# Trolling motor quick disconnect



## Fishfreek (May 21, 2016)

Getting ready to install my transom mount trolling motor on a custom made bow mount. I am looking for some type of quick disconnect that I can wire the trolling motor to so that it's easy to remove. I'm not installing a traditional TM plug into the deck because of the saltwater around here. I'll never be able to keep it completely dry.

Any ideas and pics would be a great help..


----------



## Al U Minium (May 21, 2016)

I went to Amazon and checked forklift connectors as they connect the battery negative and positive leads in a neat little connector block. You need one connector for the battery and another connector for the trolling motor. The connectors should be "dead front" which means they won't be shorted if the come in contact with a conductive surface; a metal boat, tool box etc. In scrolling down the page on Amazon, I found power winch connectors. 

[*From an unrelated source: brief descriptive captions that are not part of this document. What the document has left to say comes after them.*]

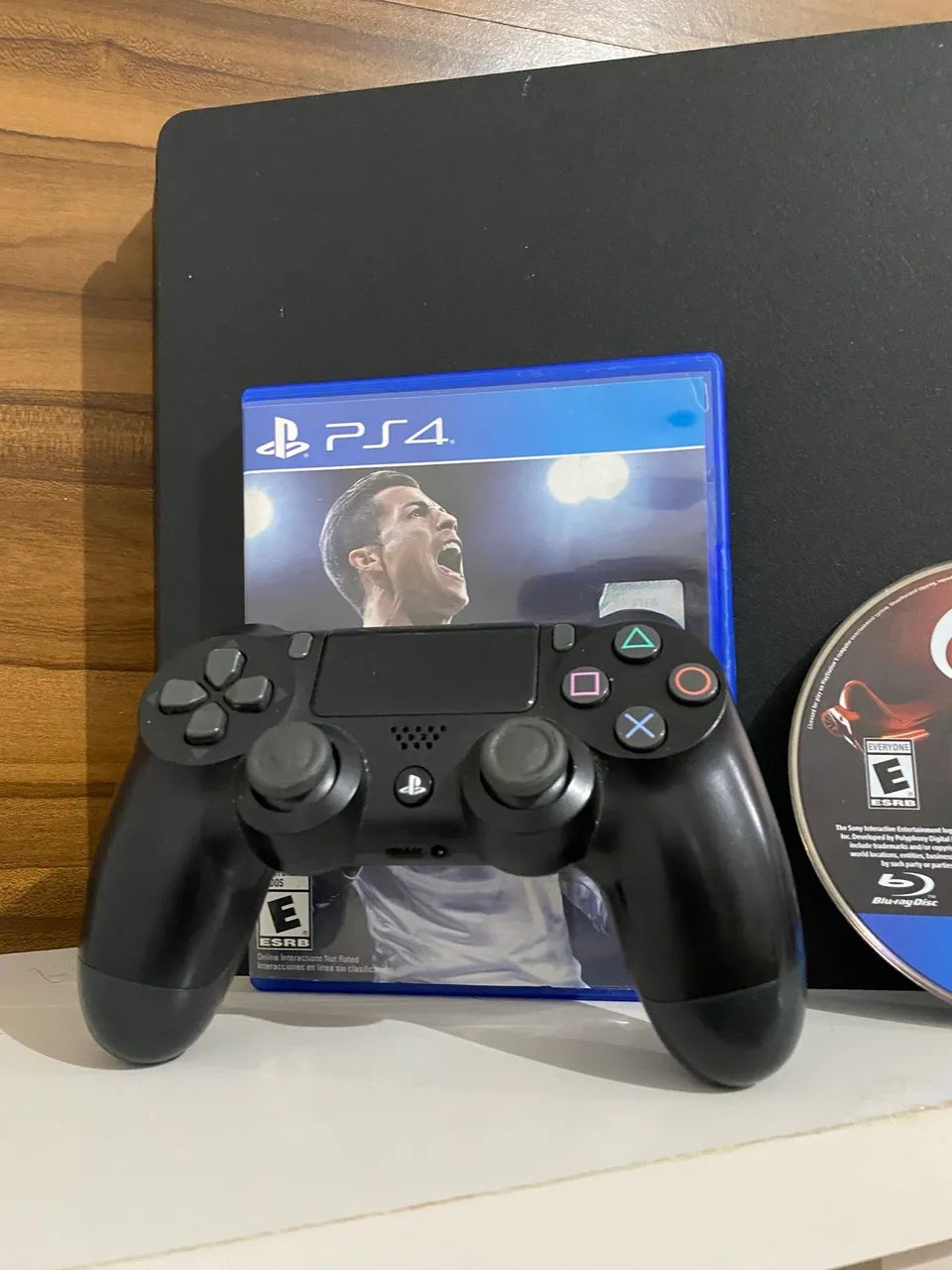 PlayStation 4 (PS4) Slim com controle e 2 jogos  - Foto 3
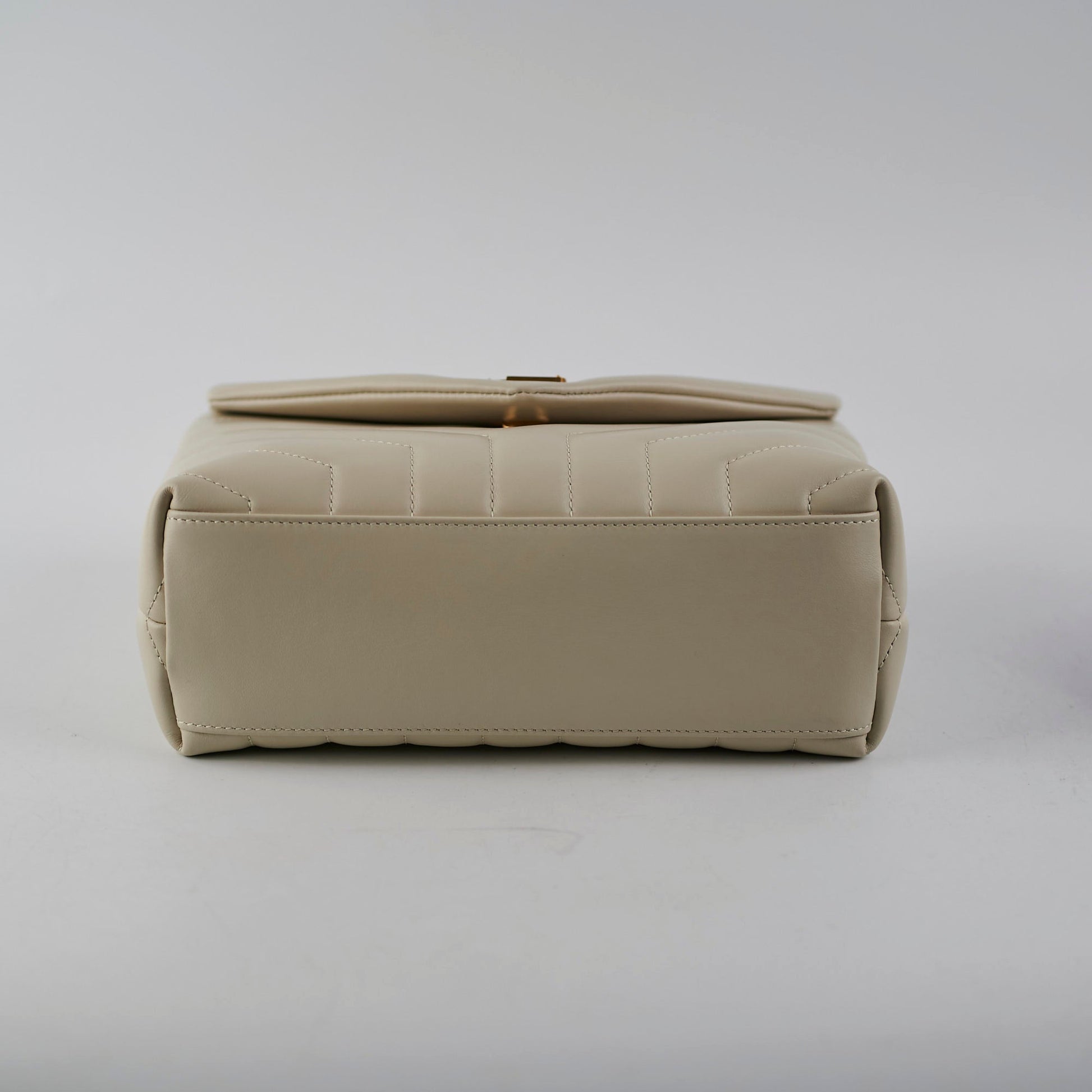 Saint Laurent Lou Handbag - Rovelle Bags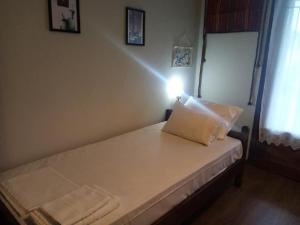 Posteľ alebo postele v izbe v ubytovaní Petrino1880 sea-vacation apartment in Chalkidiki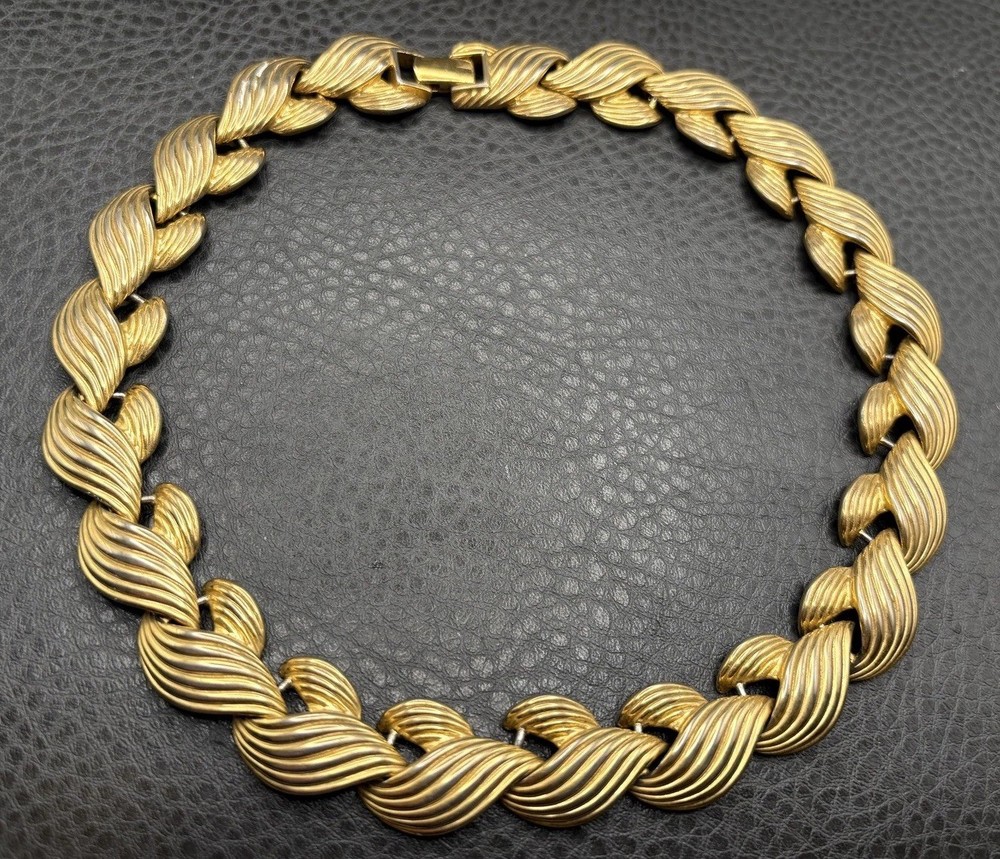 Napier 80s Signed Gold Tone Ribbed Link Necklace Vintage 17” Runway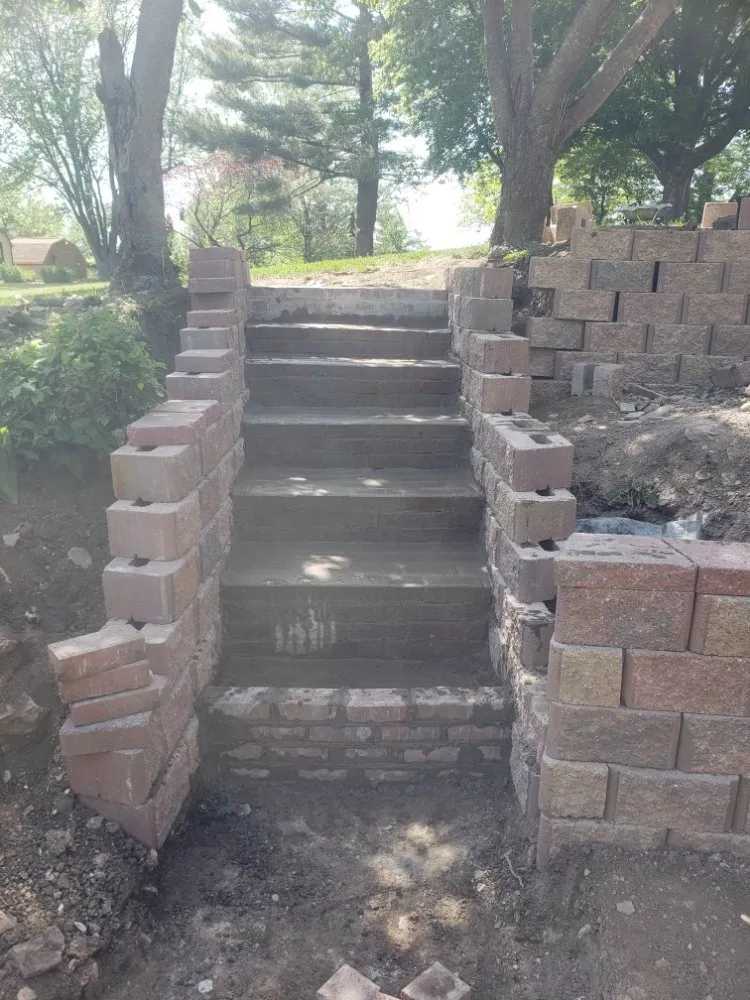 Trusted landscape design in Kansas City, MO by Benitez Lawn And Landscape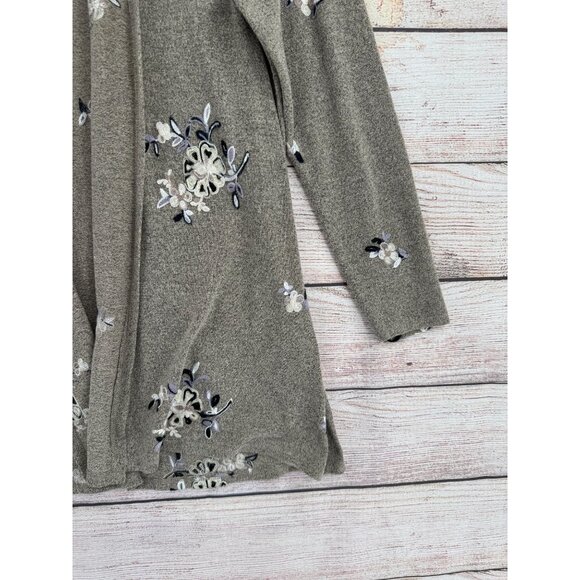 Fig and‎ Flower Anthropologie Floral Embroidered Cardigan Sweater Women's M Gray - Picture 6 of 13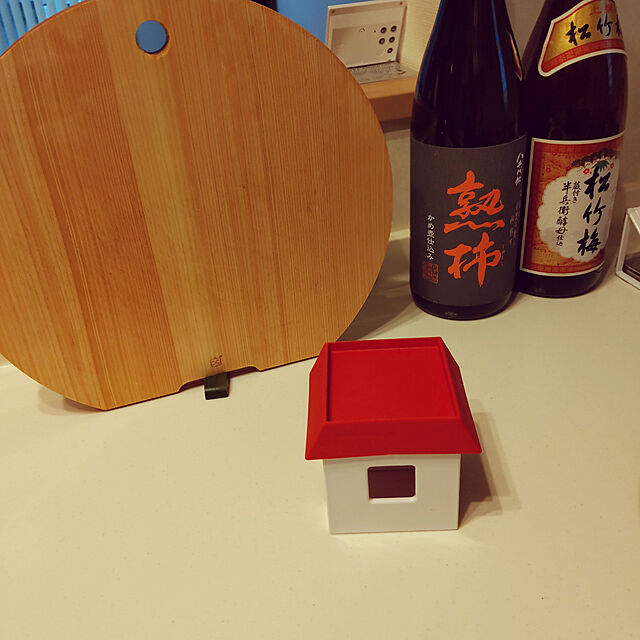 yasubonの-栗原はるみ 木製まな板 (丸) スタンド式 大 kurzzz【ギフト袋対象】の家具・インテリア写真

6-8 Gauge Battery Quick Connect Plug Kit Winch Trailer 50 amps - type this in search and check it out, on sale for $15.49

May be ideal for your application.


----------



## Fishfreek (May 21, 2016)

Awesomeness


I just looked it up and that will be perfect. I'm installing a battery cut off / 50 amp fuse so I will only need one. 

Thanks for the help.


----------



## TNtroller (May 21, 2016)

My local WM has MK QD set ups for <$20, heavy gauge wire designed for use with TM's, one end on the battery terminals, other on the TM power wires, takes 5 seconds to make the connection, used 'em for yrs.


----------



## Fishfreek (May 21, 2016)

Yea that's what I would normally use but all 3 of our Walmart quit carrying them.


----------



## richg99 (May 21, 2016)

Does anyone have a LINK to the MK QD?


----------



## TNtroller (May 22, 2016)

https://www.westmarine.com/buy/minn-kota--trolling-motor-quick-connect--1999804?cm_mmc=PS-_-Google-_-Shopping_PLAs-_-1999804&adpos=1o4&creative=54602133964&device=c&matchtype=&network=g&gclid=CM3qota97cwCFQ8kgQodZpQJiA


----------



## richg99 (May 22, 2016)

Thanks, richg99


----------



## Johnny (May 22, 2016)

wow - I like the MKQD . . . no place for water to accumulate.

thanks for sharing


----------



## golfrnut (May 25, 2016)

https://www.amazon.com/Battery-Tender-027-0004-BK-Trolling-Connector/dp/B002UCLJG0/ref=sr_1_2?ie=UTF8&qid=1464195379&sr=8-2&keywords=battery+tender+trolling+motor

Beefy? Yes
Strong? yes
Pricey? Kinda
Wonderful? Absolutely!

Shopped around for a while for one myself. Wasn't a fan of the other plug style QDs. This one is the best option on the market IMO.


----------



## bcbouy (May 25, 2016)

i used a warn winch quick connect.


----------



## richg99 (May 25, 2016)

Bcbuoy...link?


----------



## mrdrh99 (Jun 9, 2016)

I lucked up.... Got 2 of the Mk sets on clearance at Walmart for $3 each!


----------



## richg99 (Jun 9, 2016)

You are a lucky dog. 

richg99


----------